Put the mix in a piping bag with a 2cm (3/4”) star tip and pipe 7cm crescents onto the trays. Alternatively, use a smaller tip (this will really work your wrists) and pipe alphabet letters or lines and curvy bits so you can form them later.
Bake about 15 minutes, until pale brown around the edges. Cool on trays and then on a wire rack. They’ll keep for about three days in an airtight container.
Although I really love David Leite’s recipe for The Ultimate Chocolate Chip Cookies (and I have yet to fully follow the recipe, seeing as I haven’t had cake and bread flour on hand at the same time…) I can’t commit to using just one recipe every single time. There are so many different chocolate chip recipes out there and I want to try them all! They all sound so delicious. And let’s face it, who wants to pass up taste testing a million different chocolate chip cookie recipes? Tell me. Because I must meet them and swat them over the head.

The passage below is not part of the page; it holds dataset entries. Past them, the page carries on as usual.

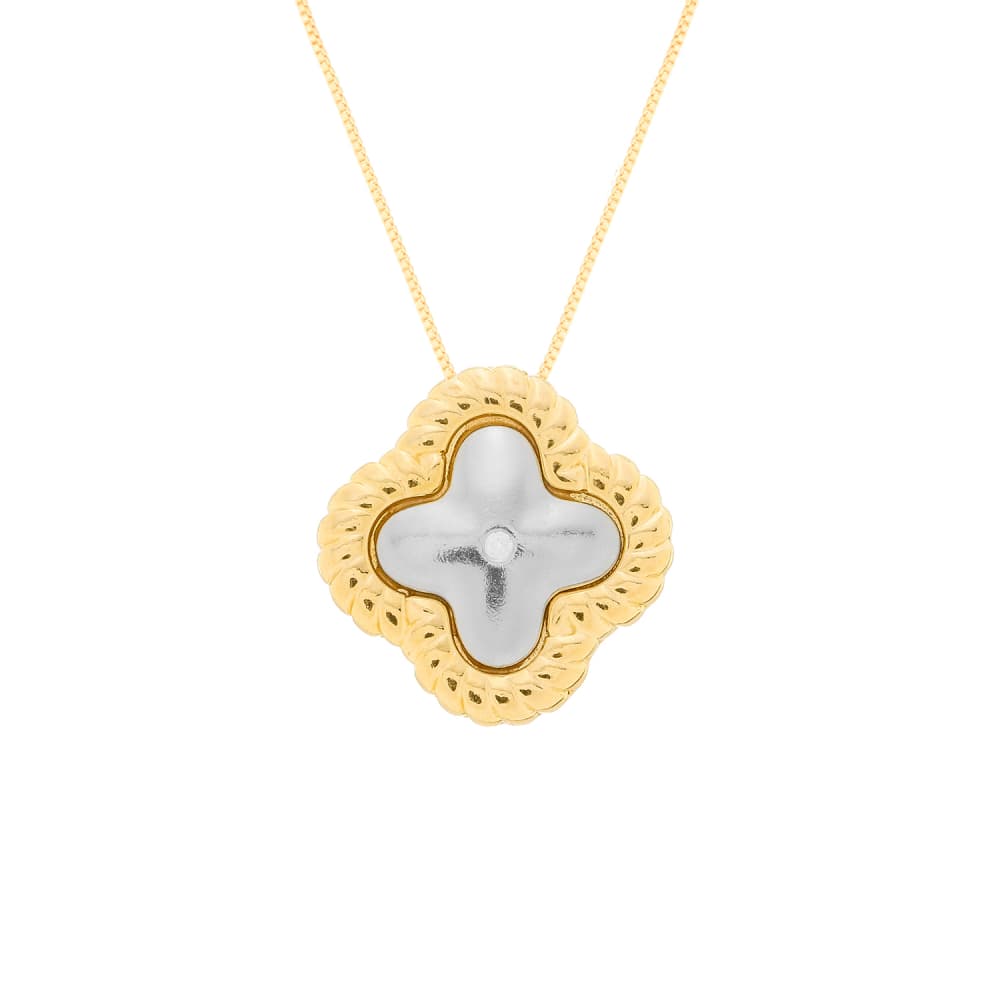 Colar Dourado e Prateado de Flor - Banho de Ouro 24k para revenda | Hub Joias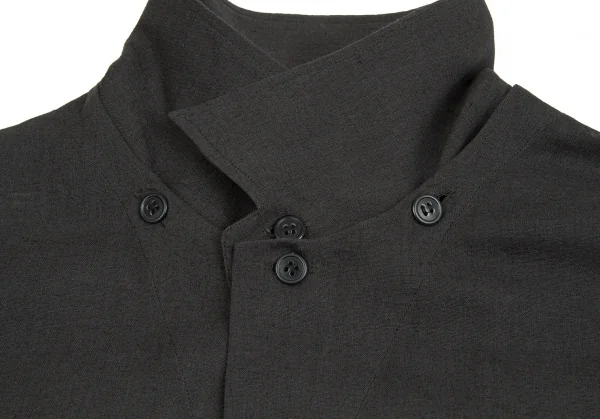 ヨウジヤマモト プールオムYohji Yamamoto POUR HOMME リネンコットン襟切替ボタンシャツ グレー4 K-92602_005
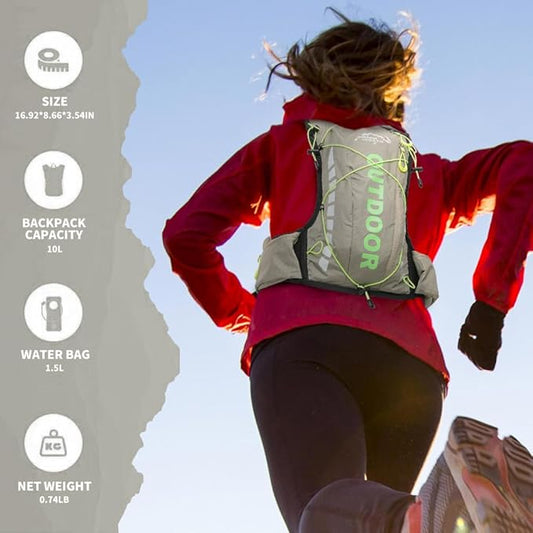 Hydration Pack Backpack,IX INOXTO Running Hydration Vest with 1.5L ( 50 oz) Water Bladder for Men Women,Lightweight Water Backpack for Hiking Cycling Climbing Camping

Seriously.
There’s not much else to say, really, except that chocolate chip cookies win over the hardest of hearts, and everybody loves them (everybody. I mean it. As if you didn’t know). I made them for camp and they were gone in record time. Even though they really didn’t look as pretty as I’d hoped they would. They kinda went really wonky with the chocolate chunks sticking up in places and going all oozy around the edges. Just goes to show how much people love chocolate chip cookies.
Well, without further ado, here is the recipe. I got it off honey and jam, this beautiful photography and food site written and taken by a twenty year old (man, the talent in the people my age!) which is just amazing. Hannah was doing her own chocolate chip cookie recipe testing and got this one from Alice who writes savoury sweet life. Incredible.
Chocolate chip cookies
250g butter (I used unsalted and then added the salt. Alice and Hannah suggest salted.)
salt (if using unsalted butter)
1/2 cup white sugar
1 1/2 cups brown sugar
2 tsp vanilla extract
12 oz flour (Hannah asked very nicely to weigh it, so weigh it I did.)
3/4 tsp salt (more if it’s sea salt)
1 tsp bi carb soda
1 1/2 tsp baking powder
2 cups /16 oz/ 400g/ 2 blocks of chocolate, broken into chunks. You can use chips, but this way is better. Trust me.
Preheat oven to 185 degrees celsius. Line two baking trays with baking paper.
Chop up the butter and add the salt. I think I added about 1/2 a teaspoon. Cream the butter. Add the sugars and beat until light and fluffy. Beat in the eggs one at a time, then the vanilla extract.
Sift the flour, salt, bi carb soda and baking powder together. Fold the dry ingredients gently into the wet mix, in two or three batches. Fold in the chocolate chunks. If you need to, use your hands to get the chocolate chunks distributed evenly throughout.
Roll into tablespoon sized balls and space out on baking tray – these babies spread, so about two inches between each is probably minimum. Bake about 12-15 minutes. Let cool on tray for about 5 minutes, then remove and cool on rack.